## [WHAT THE TASK ASKS]
With pictures left out, set down every record word for word.

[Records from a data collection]
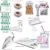 Complete – MD Deluxe Pet Airline Travel Kit with Pad, Dishes, Live Animal Labels, Water Funnel, Metal Nut Bolts, Name tag, Travel Document Holder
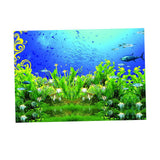 Maxbell Aquarium Background Sticker Fish Tank Wall Decoration Painting Colorful L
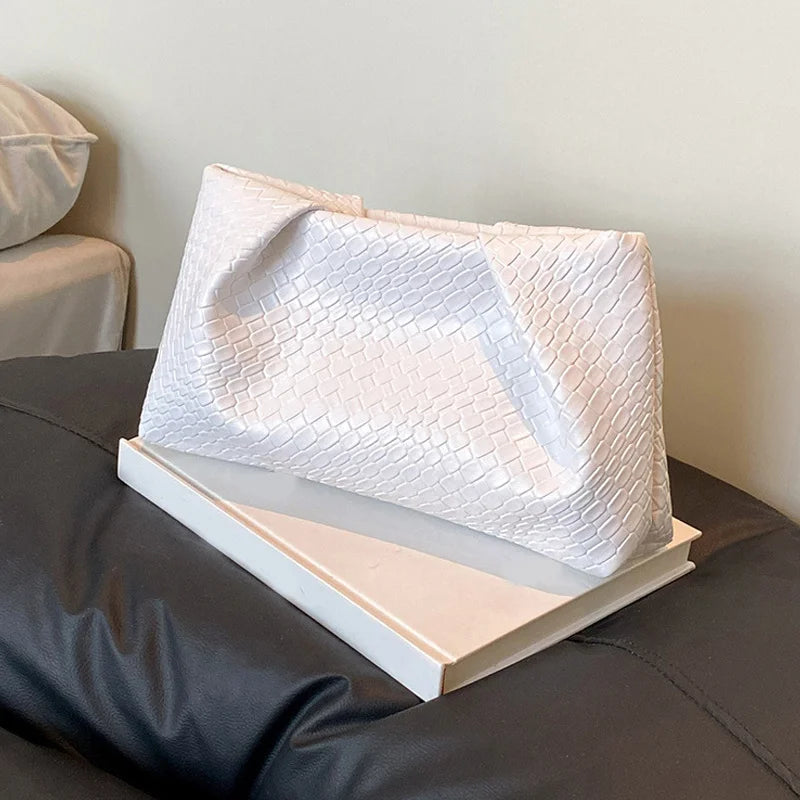 Bolso de mano multifuncional de moda para mujer, cartera de noche con patrón en relieve, gran capacidad, bolsillo para teléfono, monedero de lujo para mujer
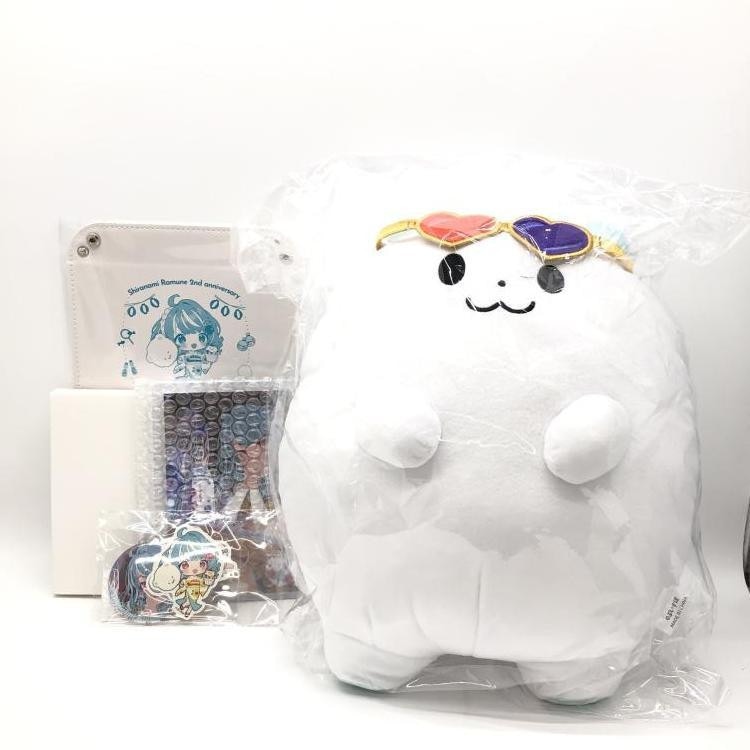 ぶいすぽっ！ 白波らむね 2周年 しらたま　ぬいぐるみ 中古】白波らむね 2周年記念2024 グッズセット ぶいすぽっ！【O西尾店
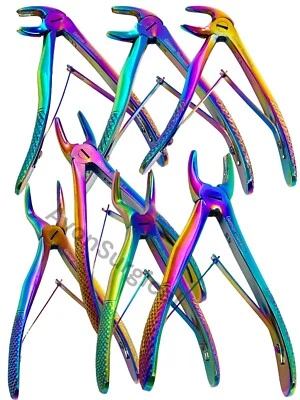 CYNAMED New German Pedo Extracting Forceps 7 pcs Kelin Set Dental Instruments Children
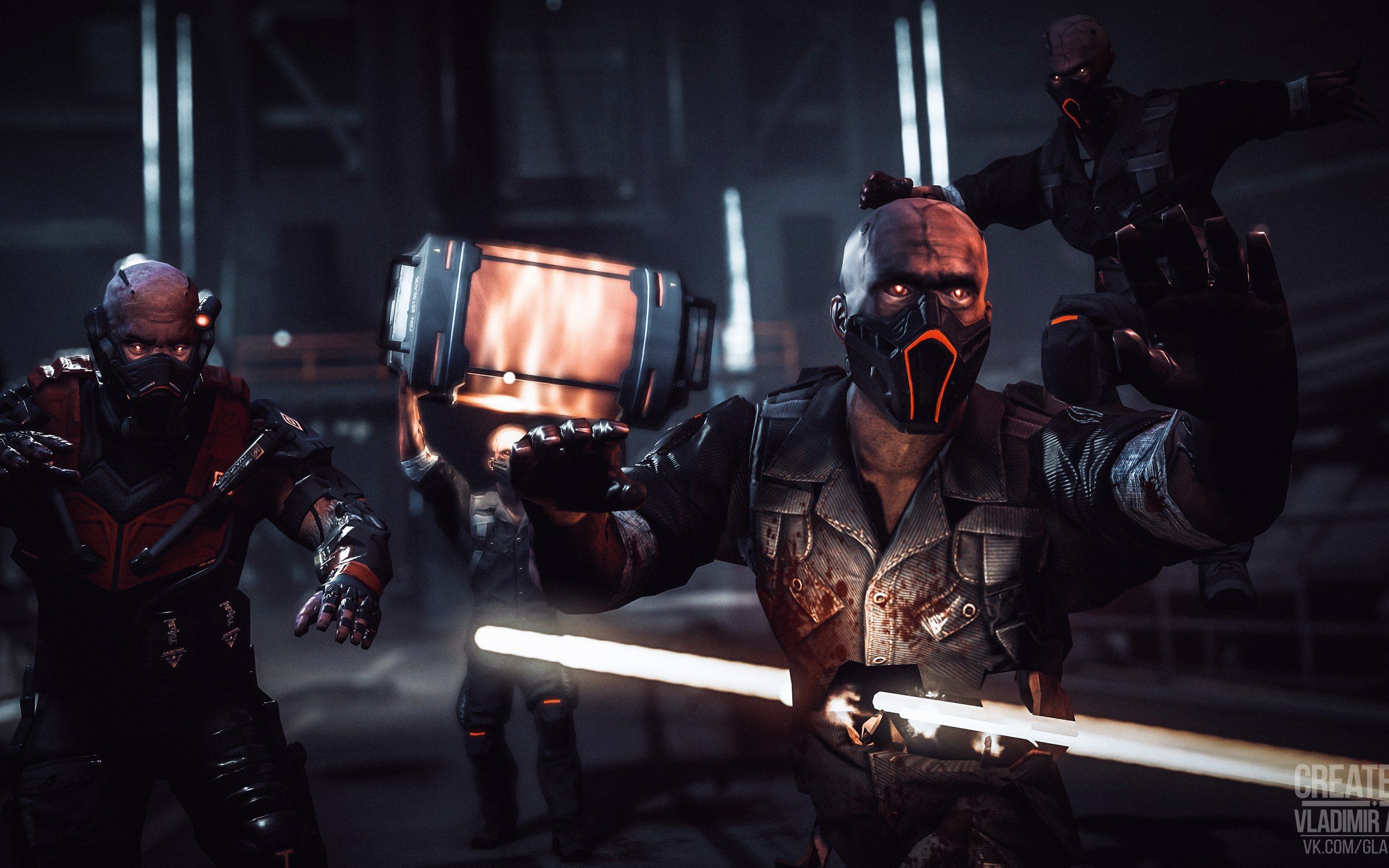 [4k] warface战争前线国际服 特殊行动:浪潮 二拖一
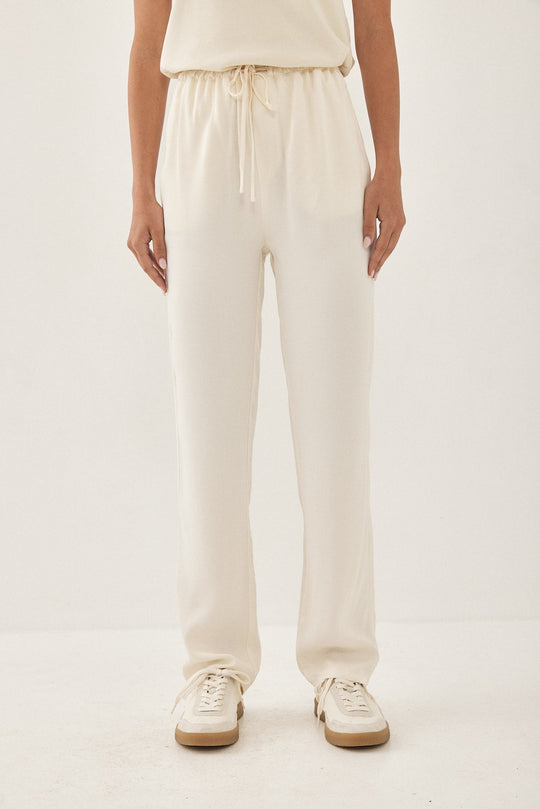 Satin Drawstring Pants - Dé Rococo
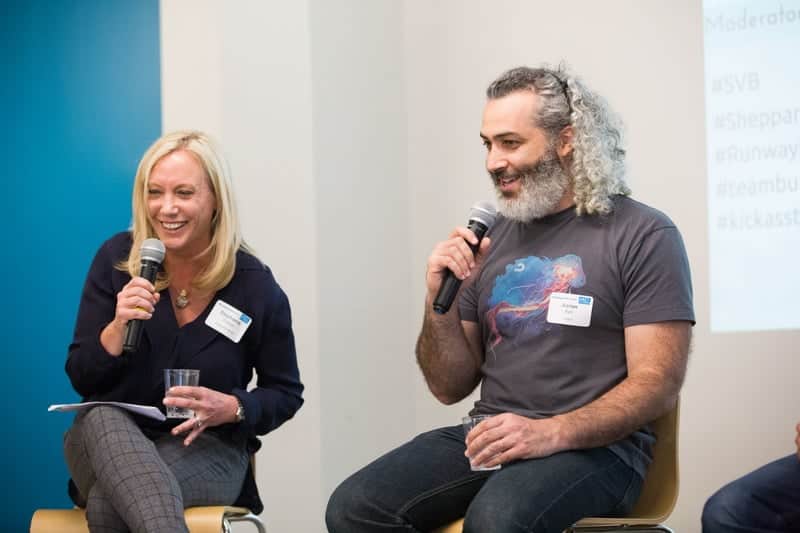 Stephanie Zeppa form Sheppard Mullin and Aaron Bell from Ad Roll.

## [RESPONSE TO THE TASK]
 Complete – MD Deluxe Pet Airline Travel Kit with Pad, Dishes, Live Animal Labels, Water Funnel, Metal Nut Bolts, Name tag, Travel Document Holder
 Maxbell Aquarium Background Sticker Fish Tank Wall Decoration Painting Colorful L
 Bolso de mano multifuncional de moda para mujer, cartera de noche con patrón en relieve, gran capacidad, bolsillo para teléfono, monedero de lujo para mujer
 ぶいすぽっ！ 白波らむね 2周年 しらたま　ぬいぐるみ 中古】白波らむね 2周年記念2024 グッズセット ぶいすぽっ！【O西尾店
 CYNAMED New German Pedo Extracting Forceps 7 pcs Kelin Set Dental Instruments Children
 [4k] warface战争前线国际服 特殊行动:浪潮 二拖一
 Satin Drawstring Pants - Dé Rococo
 Stephanie Zeppa form Sheppard Mullin and Aaron Bell from Ad Roll.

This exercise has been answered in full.